1KKU Eye Center, Department of Ophthalmology, Faculty of Medicine, Khon Kaen University, Khon Kaen, Thailand; 2Department of Computer Engineering, Faculty of Engineering, Khon Kaen University, Khon Kaen, Thailand

Objective: The aim of this study was to develop automated software for screening and diagnosing diabetic retinopathy (DR) from fundus photograph of patients with diabetes mellitus.
Methods: The extraction of clinically significant features to detect pathologies of DR and the severity classification were performed by using MATLAB R2015a with MATLAB Image Processing Toolbox. In addition, the graphic user interface was developed using the MATLAB GUI Toolbox. The accuracy of software was measured by comparing the obtained results to those of the diagnosis by the ophthalmologist.
Results: A set of 400 fundus images, containing 21 normal fundus images and 379 DR fundus images (162 non-proliferative DR and 217 proliferative DR), was interpreted by the ophthalmologist as a reference standard.
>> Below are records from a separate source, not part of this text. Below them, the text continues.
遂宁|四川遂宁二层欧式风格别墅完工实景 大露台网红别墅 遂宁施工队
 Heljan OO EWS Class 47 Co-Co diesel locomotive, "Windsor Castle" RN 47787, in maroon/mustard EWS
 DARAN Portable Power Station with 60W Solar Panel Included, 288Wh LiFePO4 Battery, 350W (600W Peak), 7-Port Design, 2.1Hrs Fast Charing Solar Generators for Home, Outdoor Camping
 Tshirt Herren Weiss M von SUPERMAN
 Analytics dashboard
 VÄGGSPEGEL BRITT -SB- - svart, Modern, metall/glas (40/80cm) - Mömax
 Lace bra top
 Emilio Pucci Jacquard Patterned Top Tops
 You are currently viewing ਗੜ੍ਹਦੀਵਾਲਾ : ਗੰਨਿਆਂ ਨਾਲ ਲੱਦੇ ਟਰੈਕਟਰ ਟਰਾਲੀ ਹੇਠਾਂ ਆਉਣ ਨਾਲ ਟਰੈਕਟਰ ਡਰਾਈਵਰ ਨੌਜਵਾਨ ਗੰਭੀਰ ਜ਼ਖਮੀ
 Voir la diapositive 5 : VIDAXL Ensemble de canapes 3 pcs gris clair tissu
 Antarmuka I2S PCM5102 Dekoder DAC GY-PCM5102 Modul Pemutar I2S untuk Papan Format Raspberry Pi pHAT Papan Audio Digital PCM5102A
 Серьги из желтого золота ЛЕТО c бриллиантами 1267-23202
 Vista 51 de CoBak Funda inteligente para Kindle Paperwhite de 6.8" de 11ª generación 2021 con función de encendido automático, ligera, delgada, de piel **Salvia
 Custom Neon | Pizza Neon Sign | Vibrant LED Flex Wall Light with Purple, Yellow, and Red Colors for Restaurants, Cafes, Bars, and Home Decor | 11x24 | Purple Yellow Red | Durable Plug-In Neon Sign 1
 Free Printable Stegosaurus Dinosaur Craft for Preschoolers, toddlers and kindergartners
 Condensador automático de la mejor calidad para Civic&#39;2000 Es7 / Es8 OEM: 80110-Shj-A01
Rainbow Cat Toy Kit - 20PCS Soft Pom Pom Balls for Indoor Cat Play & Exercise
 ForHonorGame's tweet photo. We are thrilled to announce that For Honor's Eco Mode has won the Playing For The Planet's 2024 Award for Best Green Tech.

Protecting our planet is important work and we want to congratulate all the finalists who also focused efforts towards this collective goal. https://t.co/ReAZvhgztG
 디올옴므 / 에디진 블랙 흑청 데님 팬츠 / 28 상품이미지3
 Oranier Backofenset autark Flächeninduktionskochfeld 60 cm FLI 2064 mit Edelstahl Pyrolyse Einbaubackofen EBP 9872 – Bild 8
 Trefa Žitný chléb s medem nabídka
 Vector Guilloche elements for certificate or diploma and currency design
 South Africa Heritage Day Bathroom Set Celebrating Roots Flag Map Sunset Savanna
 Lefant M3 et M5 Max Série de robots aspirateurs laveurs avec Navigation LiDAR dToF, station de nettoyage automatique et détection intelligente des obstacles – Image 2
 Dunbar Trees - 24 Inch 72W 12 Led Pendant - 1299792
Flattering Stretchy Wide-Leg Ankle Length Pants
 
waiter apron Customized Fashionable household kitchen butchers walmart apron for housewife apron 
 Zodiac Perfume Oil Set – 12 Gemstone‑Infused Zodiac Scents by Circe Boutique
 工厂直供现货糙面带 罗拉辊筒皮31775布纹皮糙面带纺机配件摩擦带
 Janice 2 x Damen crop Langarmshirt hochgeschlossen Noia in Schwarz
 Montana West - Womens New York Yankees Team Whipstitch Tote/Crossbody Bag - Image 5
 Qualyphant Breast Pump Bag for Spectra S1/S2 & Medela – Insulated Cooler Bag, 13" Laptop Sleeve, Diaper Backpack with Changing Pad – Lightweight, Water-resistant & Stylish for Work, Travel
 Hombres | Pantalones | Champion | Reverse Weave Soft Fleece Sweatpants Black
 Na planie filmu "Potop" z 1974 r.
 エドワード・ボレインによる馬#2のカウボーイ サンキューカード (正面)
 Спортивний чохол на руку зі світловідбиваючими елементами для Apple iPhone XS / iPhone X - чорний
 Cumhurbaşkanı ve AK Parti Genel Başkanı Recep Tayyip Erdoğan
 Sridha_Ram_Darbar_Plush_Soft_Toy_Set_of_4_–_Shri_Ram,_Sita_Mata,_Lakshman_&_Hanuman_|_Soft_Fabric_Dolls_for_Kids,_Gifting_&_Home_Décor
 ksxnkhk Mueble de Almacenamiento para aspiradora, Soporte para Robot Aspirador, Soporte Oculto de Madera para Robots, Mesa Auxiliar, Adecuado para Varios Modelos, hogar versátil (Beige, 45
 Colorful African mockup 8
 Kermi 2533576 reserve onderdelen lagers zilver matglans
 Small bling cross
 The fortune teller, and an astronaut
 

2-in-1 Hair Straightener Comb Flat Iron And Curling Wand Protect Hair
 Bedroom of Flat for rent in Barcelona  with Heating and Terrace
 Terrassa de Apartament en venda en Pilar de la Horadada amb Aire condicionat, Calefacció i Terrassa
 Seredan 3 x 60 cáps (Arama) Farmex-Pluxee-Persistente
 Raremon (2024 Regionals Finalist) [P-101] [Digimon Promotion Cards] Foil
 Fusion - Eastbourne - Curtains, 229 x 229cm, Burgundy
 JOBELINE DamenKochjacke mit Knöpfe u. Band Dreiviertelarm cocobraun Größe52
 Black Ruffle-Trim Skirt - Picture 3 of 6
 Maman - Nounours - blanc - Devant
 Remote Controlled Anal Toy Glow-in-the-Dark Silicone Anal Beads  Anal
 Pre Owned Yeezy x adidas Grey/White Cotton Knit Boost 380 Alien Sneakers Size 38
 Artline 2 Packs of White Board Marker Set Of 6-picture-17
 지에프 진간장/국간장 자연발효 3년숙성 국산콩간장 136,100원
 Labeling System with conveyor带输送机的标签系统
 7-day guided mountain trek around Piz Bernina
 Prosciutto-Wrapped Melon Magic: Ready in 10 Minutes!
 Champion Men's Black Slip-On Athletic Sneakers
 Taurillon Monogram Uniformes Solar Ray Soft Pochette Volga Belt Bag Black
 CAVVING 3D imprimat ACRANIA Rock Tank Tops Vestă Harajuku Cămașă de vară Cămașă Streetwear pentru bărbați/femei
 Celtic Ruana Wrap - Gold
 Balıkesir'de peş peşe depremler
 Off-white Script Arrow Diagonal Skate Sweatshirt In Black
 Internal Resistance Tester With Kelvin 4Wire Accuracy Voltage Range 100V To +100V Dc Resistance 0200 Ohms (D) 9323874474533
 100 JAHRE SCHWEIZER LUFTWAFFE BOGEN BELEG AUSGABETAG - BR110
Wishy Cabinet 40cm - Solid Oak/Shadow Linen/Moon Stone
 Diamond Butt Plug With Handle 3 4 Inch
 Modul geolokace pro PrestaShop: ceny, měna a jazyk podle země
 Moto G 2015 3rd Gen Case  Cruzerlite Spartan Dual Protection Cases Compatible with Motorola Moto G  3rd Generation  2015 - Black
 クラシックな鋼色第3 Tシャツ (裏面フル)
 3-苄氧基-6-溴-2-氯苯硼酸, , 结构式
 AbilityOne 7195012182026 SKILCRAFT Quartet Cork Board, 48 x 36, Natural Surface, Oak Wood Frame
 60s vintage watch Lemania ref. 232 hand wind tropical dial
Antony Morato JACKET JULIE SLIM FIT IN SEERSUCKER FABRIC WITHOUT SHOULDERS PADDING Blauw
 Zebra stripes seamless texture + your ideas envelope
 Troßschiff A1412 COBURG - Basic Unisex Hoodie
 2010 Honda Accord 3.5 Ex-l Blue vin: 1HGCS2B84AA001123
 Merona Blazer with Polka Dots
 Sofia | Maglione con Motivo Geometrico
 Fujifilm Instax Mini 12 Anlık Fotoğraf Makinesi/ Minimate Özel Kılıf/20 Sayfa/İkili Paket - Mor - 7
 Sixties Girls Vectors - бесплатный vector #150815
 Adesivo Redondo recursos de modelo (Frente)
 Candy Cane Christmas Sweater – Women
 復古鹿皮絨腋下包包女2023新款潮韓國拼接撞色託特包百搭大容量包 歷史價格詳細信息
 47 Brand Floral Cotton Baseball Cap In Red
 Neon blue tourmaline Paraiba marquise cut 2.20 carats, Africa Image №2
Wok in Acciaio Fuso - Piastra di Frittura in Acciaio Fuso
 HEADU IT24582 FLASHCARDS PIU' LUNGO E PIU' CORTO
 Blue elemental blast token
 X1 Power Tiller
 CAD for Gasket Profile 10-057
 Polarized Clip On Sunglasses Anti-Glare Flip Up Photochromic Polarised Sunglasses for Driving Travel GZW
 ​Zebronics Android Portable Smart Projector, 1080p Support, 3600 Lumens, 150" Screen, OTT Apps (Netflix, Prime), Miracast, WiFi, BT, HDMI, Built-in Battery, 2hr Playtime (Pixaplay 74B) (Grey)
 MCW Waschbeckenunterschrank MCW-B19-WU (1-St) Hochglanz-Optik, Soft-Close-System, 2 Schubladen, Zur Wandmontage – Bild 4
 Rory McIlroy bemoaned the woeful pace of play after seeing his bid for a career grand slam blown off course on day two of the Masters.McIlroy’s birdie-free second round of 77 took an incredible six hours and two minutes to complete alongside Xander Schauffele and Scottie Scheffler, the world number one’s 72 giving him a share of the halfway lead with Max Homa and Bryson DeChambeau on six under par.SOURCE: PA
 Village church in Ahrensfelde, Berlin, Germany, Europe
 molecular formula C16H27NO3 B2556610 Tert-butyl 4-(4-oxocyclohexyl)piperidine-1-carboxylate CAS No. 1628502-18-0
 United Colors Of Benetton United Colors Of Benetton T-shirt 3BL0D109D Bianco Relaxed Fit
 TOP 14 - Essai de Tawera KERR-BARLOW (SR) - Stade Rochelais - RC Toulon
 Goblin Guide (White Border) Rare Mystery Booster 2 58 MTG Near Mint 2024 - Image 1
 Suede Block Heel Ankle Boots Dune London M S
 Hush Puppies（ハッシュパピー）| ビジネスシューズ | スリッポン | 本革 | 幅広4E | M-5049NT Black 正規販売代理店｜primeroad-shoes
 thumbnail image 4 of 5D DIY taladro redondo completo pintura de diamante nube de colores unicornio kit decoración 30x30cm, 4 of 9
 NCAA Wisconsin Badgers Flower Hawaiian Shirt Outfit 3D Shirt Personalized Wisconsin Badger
The initial result showed that the sensitivity, specificity and accuracy of this software in detection of DR were 98%, 67% and 96.25%, respectively. However, the accuracy of this software in classifying non-proliferative and proliferative diabetic retinopathy was 66.58%. The average time for processing is 7 seconds for one fundus image.
Conclusion: The automated DR screening software was developed by using MATLAB programming and yielded 96.25% accuracy for the detection of DR when compared to that of the diagnosis by the ophthalmologist. It may be a helpful tool for DR screening in the distant rural area where ophthalmologist is not available.

Keywords: automated diabetic retinopathy software, diabetic retinopathy screening, fundus photography diagnosis, digital image processing

Introduction

Diabetic retinopathy (DR) is a leading cause of vision loss worldwide. It is one of the most common causes of preventable blindness and visual impairment.1 A meta-analysis involving 35 studies worldwide estimated the global prevalence of DR among diabetes patients to be 7.62%–47.1%.2 The severity of DR can be divided into two stages as non-proliferative diabetic retinopathy (NPDR) and proliferative diabetic retinopathy (PDR). NPDR can be subdivided into mild, moderate and severe. Mild NPDR is an early stage with microaneurysm (MA) and dot/blot hemorrhage (HA) occurring. Flame-shaped hemorrhages (FSHs), hard exudates (HEs) and cotton-wool spots (CWSs) occur in moderate NPDR stage as the disease progresses. In the severe NPDR stage, many more MAs, HAs or venous beading (VB) occurs. The PDR stage is the advanced stage of DR. The significant pathologies are new abnormal blood vessels that called neovascularization (NV), pre-retinal hemorrhages (PHs), vitreous hemorrhage (VH), and fibrous proliferation (FP), which is the cause of tractional retinal detachment. Screening and diagnosing DR early can prevent visual loss and blindness in these diabetic patients. In distant rural area, however, there is no ophthalmologist available. Therefore, we developed automation software that can screen and diagnose DR with the pathology extraction by using the digital image processing algorithms. It is expected that this software can be a helpful tool for the medical personnel who has less experience in diagnosing DR.

Materials and methods

This study followed the tenets of Declaration of Helsinki and was approved by the Khon Kaen University Ethics Committee for Human Research. Written informed consent from the patients to review their fundus photographs was not required by the ethics committee. The fundus photographs had no link to the patients’ identities, and the researcher respected the privacy of the patients. A total of 400 fundus images with 45° field of view from KKU Eye Center, Faculty of Medicine, Khon Kaen University were initially diagnosed and classified based on the DR severity into three groups as no DR, NPDR and PDR by the ophthalmologist (TR). The conceptual framework of this study is to develop the software in a kind of top-down programming. MATLAB R2015a with MATLAB Image Processing Toolbox (The MathWorks Inc., Natick, MA, USA) was used to extract the clinically significant features of DR pathologies and classify the severity of DR. The accuracy of software was measured by comparing the obtained results with the reference standard, diagnosis from the ophthalmologist. The sensitivity, specificity, positive predictive value and negative predictive value of this software were also reported.

Results

Development of the software

Figure 1 shows the proposed four main steps in the development of the software.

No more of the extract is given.